The Diocese of Central New York has filed a resolution with the General Convention office that would have the convention defer the Jan. 1, 2013, participation deadline for three years. The resolution would also allow those entities required by canon to participate to purchase health insurance from other providers besides the Episcopal Medical Trust, the Church Pension Fund affiliate that is designated to administer the program.

The Diocese of Ohio has also proposed a resolution to the General Convention to remove the mandate that insurance be bought from the Medical Trust.

The Diocese of North Carolina wants the General Convention to require a study of “the impact of full compliance with Resolution 2009-A177.” And, the resolution would have the convention not require any diocese to adopt the minimum cost-sharing guidelines for parity between clergy and lay employees called for in the plan until the study has been acted upon the next meeting of convention in 2015.

The Diocese of West Missouri is asking that the implementation date be suspended and that the convention instruct the Medical Trust to create “a single, unified national plan for the entire Episcopal Church with no variance in premium costs from diocese to diocese, thereby eliminating dramatic cost differences for similar health insurance coverage between dioceses and regions of the Episcopal Church.”

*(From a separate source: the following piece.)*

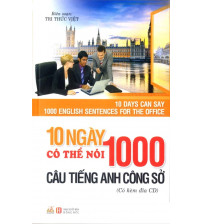 10 Ngày Có Thể Nói 1000 Câu Tiếng Anh Công Sở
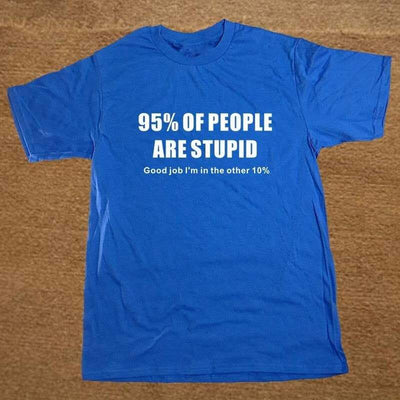 T-Shirt T-Shirt "95% Of People Are Stupid" The Sexy Scientist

Other Episcopal dioceses have passed resolutions urging changes in the plan, but have not actually filed or planned to file accompanying “C resolutions” with the General Convention office as the other four have.

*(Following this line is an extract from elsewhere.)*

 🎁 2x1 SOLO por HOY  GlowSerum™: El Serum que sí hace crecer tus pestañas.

In addition, the House of Bishops’ Bishops from the Small Dioceses group has asked CPF to consider a major change in the plan. The request came after CPF officials met with them in November 2011, according to CPF.

“Although a single rate was not part of the resolution, at the request of the House of Bishops, the Medical Trust is studying the implications of a single rate on health benefit costs,” Frank Armstrong, Medical Trust senior vice president and general manager and Laurie Kazilionis, vice president for client relations, said in a written statement e-mailed to Episcopal News Service.

Concerns directed at 2009 General Convention decision
The concerns expressed are directed toward a decision General Convention made in July 2009 when, via Resolution A177, it told the Church Pension Fund to implement a denomination-wide health (DHP) plan by Jan. 1, 2013, with benefits to be provided through the Medical Trust. Part of the rationale for the decision was that such a plan would save money, mitigate inequities between lay and clergy employees and improve employees’ access to health insurance.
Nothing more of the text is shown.